Design Considerations of Value-aware Caches
On-chip cache memories are instrumental in tackling several performance and energy issues facing contemporary and future microprocessor chip architectures. First, they are key to bridge the growing speed-gap between memory and processors. Second, as the bandwidth into the chip is not keeping up the pace with the growth in processing performance, on-chip caches are essential in keeping the bandwidth demands within the limits. Finally, since off-chip memory accesses consume a substantial amount of energy, larger on-chip caches can potentially bring down energy wastage for off-chip accesses. Hence, techniques to improve on-chip cache utilization are important.
This thesis shows that value replication -- the same value is replicated in multiple memory locations -- is an important source to improve utilization of cache/memory capacity. The thesis establishes through experimentation that many applications exhibit a high value locality and when it is exploited by storing each unique memory value exactly once, compression factors beyond 16X can be achieved. The proposed cache compression techniques build on this opportunity by encoding replicated values. While cache compression techniques in the past manage to code frequent values densely, they trade off a high compression ratio for low decompression latency, thus missing opportunities to utilize on-chip cache capacity more effectively.
The thesis further analyses design considerations when realising a practical value-aware cache that accommodates statistical-based compression and presents, for the first time, a detailed design-space exploration of statistical-based cache compression.
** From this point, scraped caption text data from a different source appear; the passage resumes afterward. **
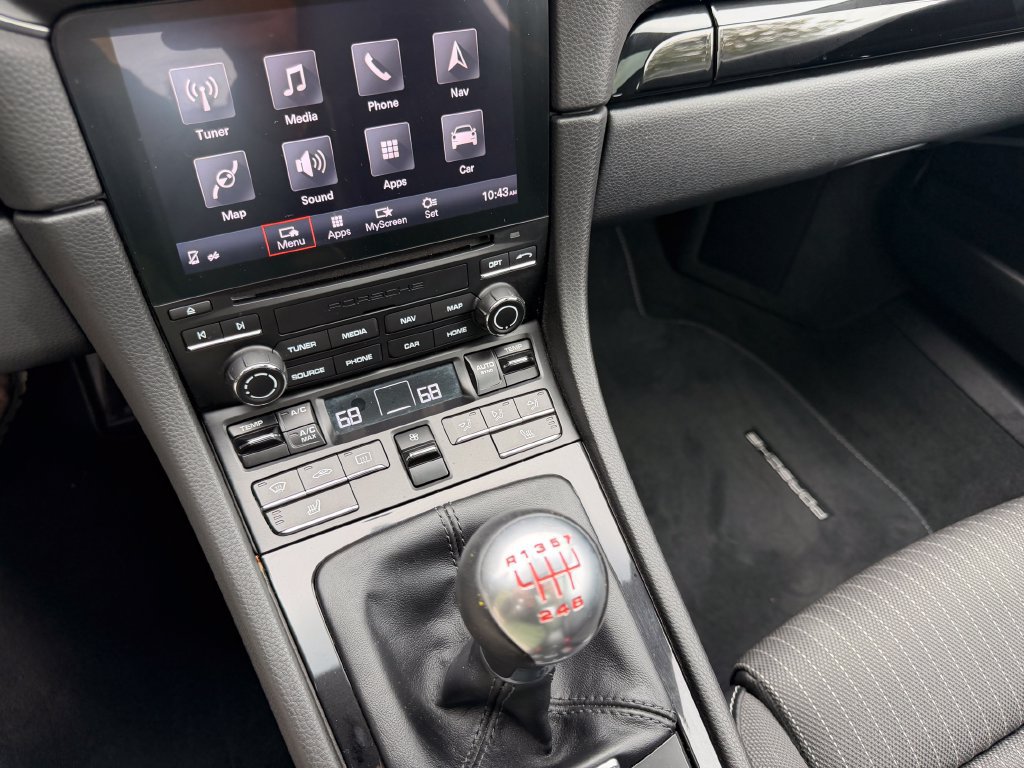 Used 2019 Porsche 911 Carrera T RWD image 25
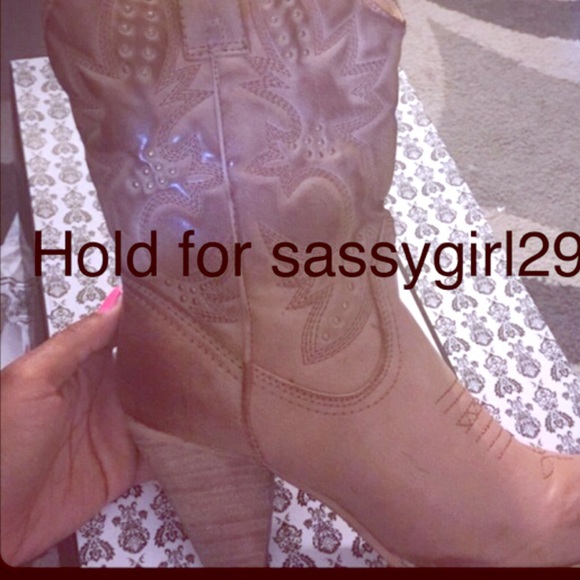 Brand New Cow  Boy boots for a steal!!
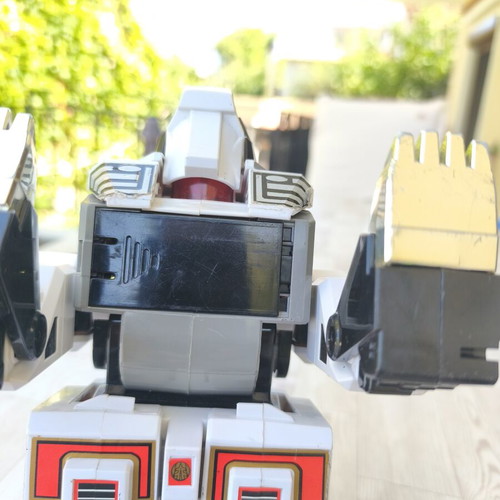 Power Rangers figures and accessories set used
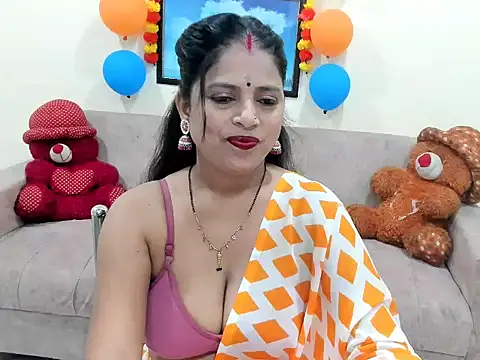 leahgotiii online show from September 19, 2025, 3:30 am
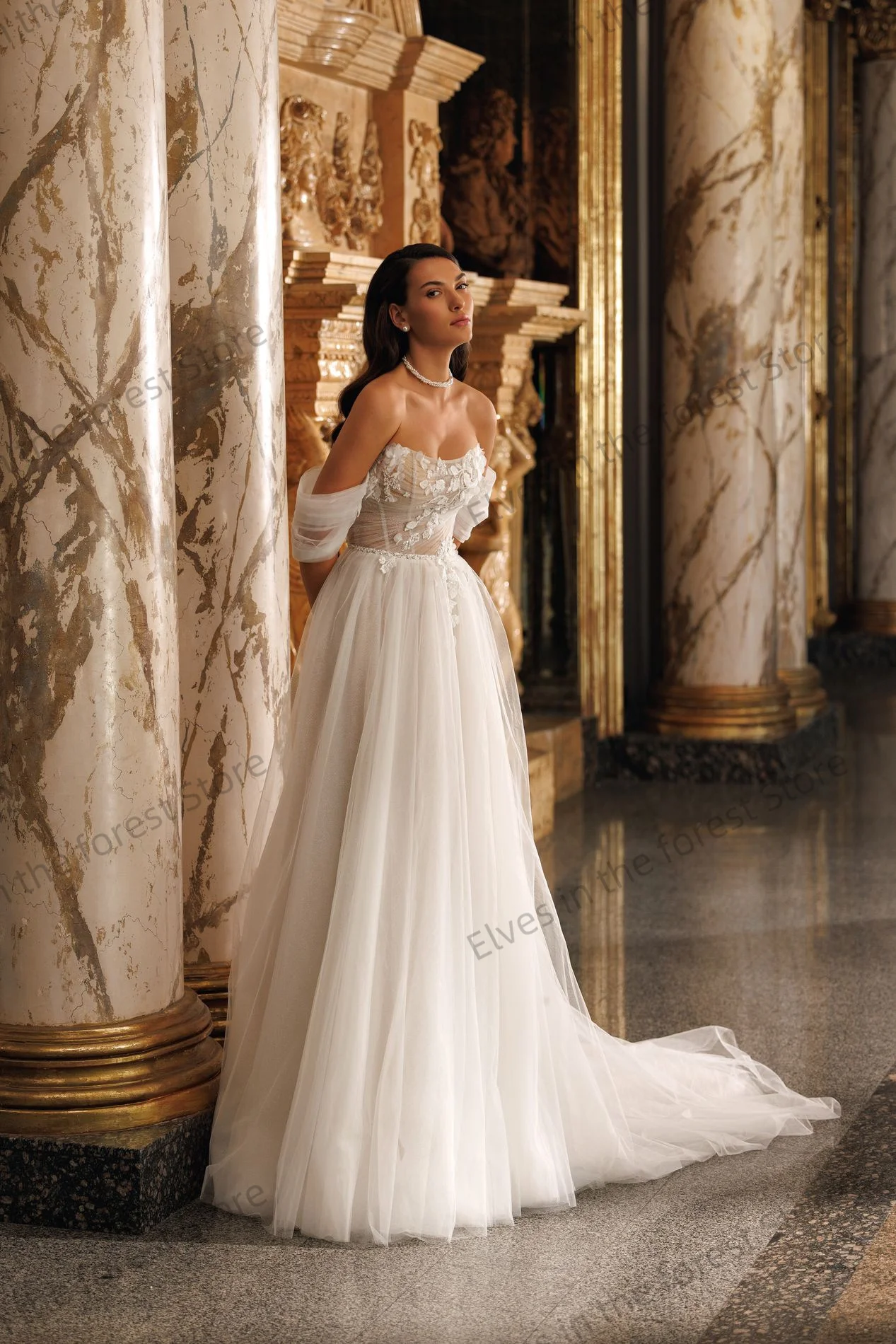 Romantic A Line Wedding Dresses Off Shoulder Lace Appliques Bridal Gowns Charming Long Train Customized Vestidos De Mariee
It is shown that more aggressive, statistical-based compression approaches, such as Huffman coding, that have been excluded in the past due to the processing overhead for compression and decompression, are prime candidates for cache and memory compression.
In this thesis, I find that, even though more processing-intensive decompression affects the cache-hit time of last-level caches, modern out-of-order cores can typically hide the decompression latency successfully. Moreover, the impact of statistics acquisition to generate new codewords is also low because value locality varies little over time so new encodings need to be generated rarely making it possible to off-load it to software routines. Interestingly, the high compression ratio obtained by statistical-based cache compression is shown to improve cache capacity by close to three times which for cache-intensive workloads results in significant performance gains (20% on average) and substantial energy savings (the saved energy may be even 10 times larger than the total energy overheads) by reducing the off-chip use.